**TASK TO CARRY OUT**
Since the listing below shows pictures, leave them out and write out exactly the lines from the line with "a bedroom with" to the line with "Chaqueta de mezclilla", both included, and no others.

**DATA FOR THE TASK**
--- --- ---

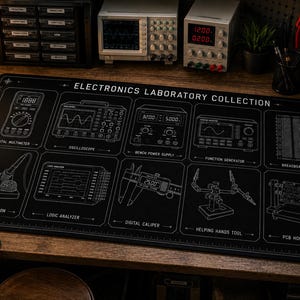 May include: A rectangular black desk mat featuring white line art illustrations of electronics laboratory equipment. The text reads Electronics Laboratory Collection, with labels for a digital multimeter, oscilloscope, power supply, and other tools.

--- --- ---

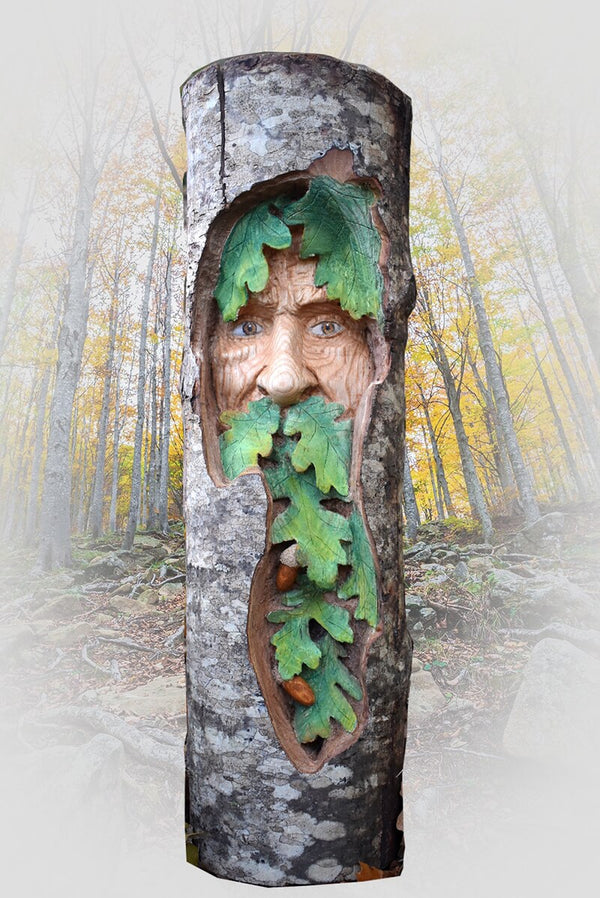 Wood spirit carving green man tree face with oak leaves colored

--- --- ---

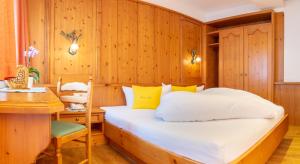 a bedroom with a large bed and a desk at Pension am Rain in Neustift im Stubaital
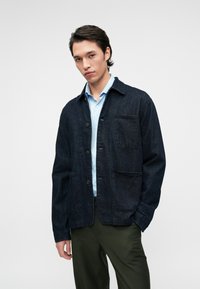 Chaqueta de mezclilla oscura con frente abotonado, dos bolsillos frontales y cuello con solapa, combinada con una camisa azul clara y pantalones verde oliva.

--- --- ---

**ANSWER TO THIS EXERCISE**
 a bedroom with a large bed and a desk at Pension am Rain in Neustift im Stubaital
 Chaqueta de mezclilla oscura con frente abotonado, dos bolsillos frontales y cuello con solapa, combinada con una camisa azul clara y pantalones verde oliva.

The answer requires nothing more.